Research in the laboratory is centered around enhancing our understanding of protein function from the perspective of physical structural biology.  In past decades, proteins were essentially viewed as static structures.  Today, they are widely appreciated to be dynamic ensembles of interconverting structures.  Such behavior can be clearly seen in proteins that undergo dramatic shape changes in different functional states.  However, the effects of dynamics can also be important when the motions are “less coordinated” structurally and occur within the original protein shape.  The ensemble nature of proteins has far-reaching implications for understanding basic natural protein functions such as ligand binding, enzyme catalysis, and allostery.  By extension, an understanding of protein dynamics should lead to improvements in protein engineering and rational drug design.

We are investigating the role of structural dynamics in protein function for a variety of proteins important in metabolism and signal transduction.  This includes enzymes such as dihydrofolate reductase (DHFR), which is essential in all organisms for nucleotide biosynthesis.  It is also the target for drugs used to treat human cancers and antibiotics and is therefore an excellent system for studying protein-drug interactions.  Another class of proteins in which we are interested is the PDZ (PSD95 - Discs Large - ZO-1) domain.  These are found throughout nature in a variety of contexts and are widespread as signal transduction modules in higher eukaryotes.  PDZ domains specialize in binding C-terminal sequences of signaling enzymes, transmembrane receptors, proteases, etc.  They are also recognized as models for intramolecular communication.  Our NMR studies on PDZ domains implicate dynamics as a viable mechanism for long-range communication and allostery.  Other ongoing projects in the lab are directed at the role of protein dynamics in allostery and their distinguishing features from non-allosteric proteins.

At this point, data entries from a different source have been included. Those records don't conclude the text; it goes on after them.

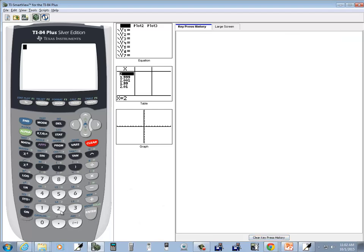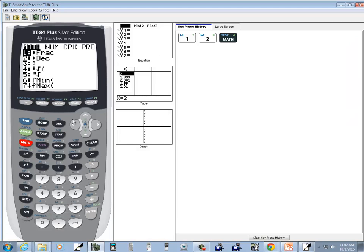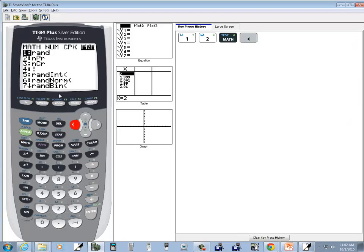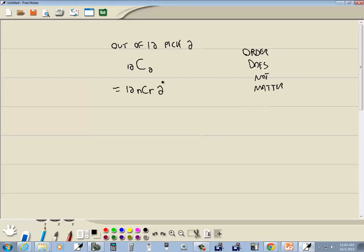So I'll come over here and put twelve in, and then NCR. So I'll do math, left arrow over to PRB, choose NCR, enter, and then I'll put two in and then press enter. And that tells us there's a total of sixty-six different combinations where order does not matter.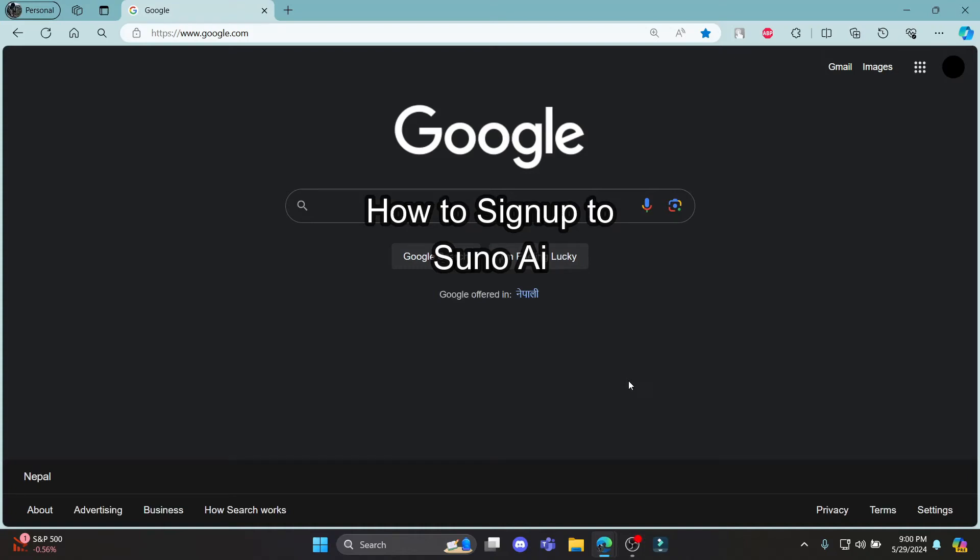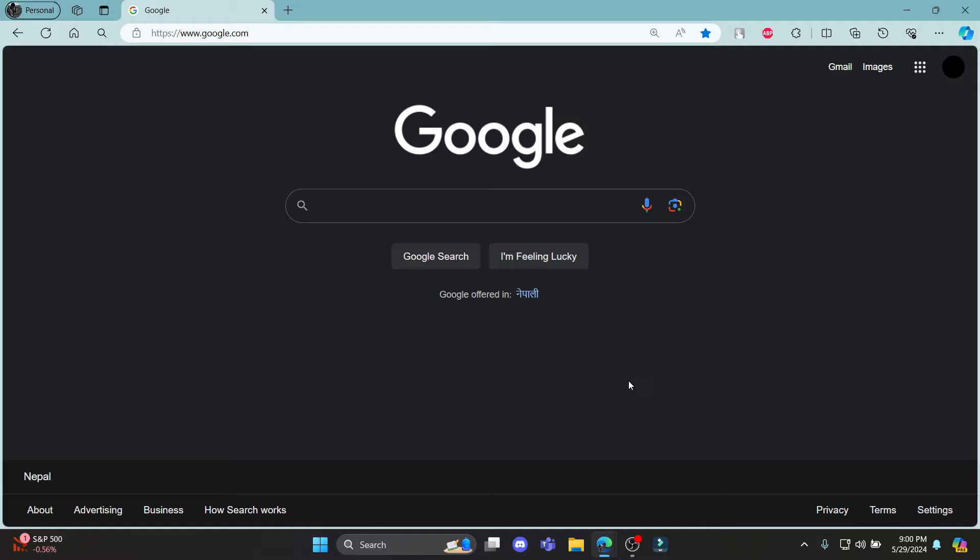Do you want to know how you can sign up for Suno AI? If yes, then this video is for you. Hello and welcome to AI Basics, it's your host back again with another tutorial video. In this video, I'm going to teach you how you can sign up for Suno AI.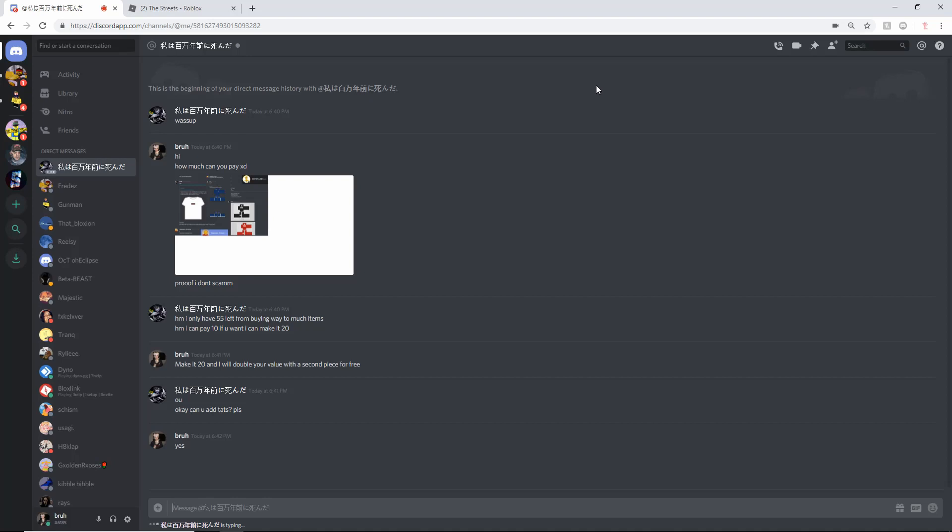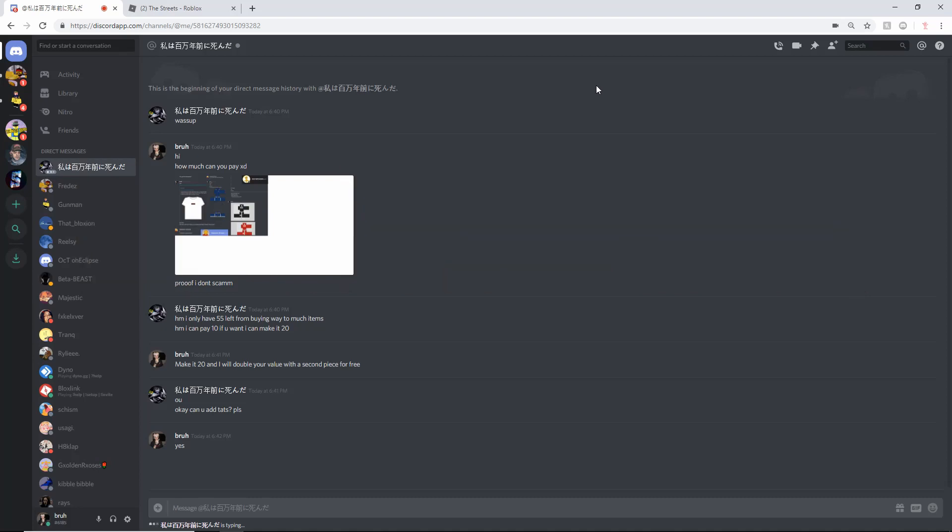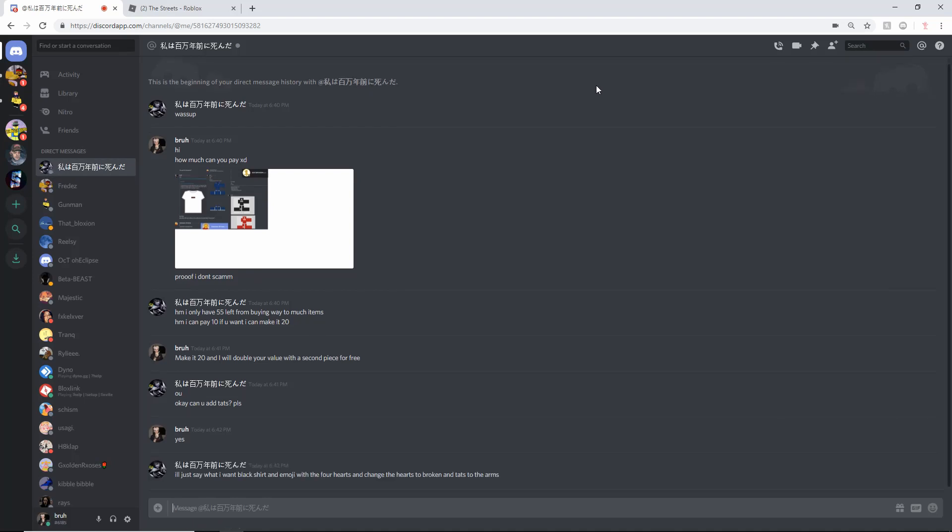You can always add me on Discord. It's Bro hashtag 6185, I'll put it on the screen right now. If you guys have any troubles literally whatsoever, I'm a clothing god, I can help you out with any sort of problem, especially if you got the problem from just saying yes all the time. I can make tattoos, I can make army outfits, all that stuff. Just hit me up on my Discord and I can help you out for free.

How do we characterize protein dynamics?  Our preferred method is heteronuclear NMR spectroscopy, which is uniquely suited to study both structure and dynamics in proteins and other biological macromolecules. A major advantage of NMR is that spectroscopic probes are distributed uniformly throughout the biomolecule, such as NH or CH atom pairs, providing large amounts of molecular information.  To gain information on protein dynamics, NMR spin relaxation is highly sensitive to molecular motion over a range of timescales.  We look at the relaxation properties of ¹⁵N, ¹³C, and ²H spins located throughout the protein scaffold, and interpret these in terms of amplitudes and timescales of individual bond vectors.  Slower motions on the microsecond-millisecond timescale can be detected to yield site-specific kinetic, thermodynamic, and structural information on the switching between discrete conformational states.  In many cases, these NMR-relaxation dynamics are used to complement other structural data from X-ray crystallography, or thermodynamic and kinetic biophysical measurements using methods such as fluorescence spectroscopy, calorimetry, amide hydrogen exchange, and molecular dynamics simulations.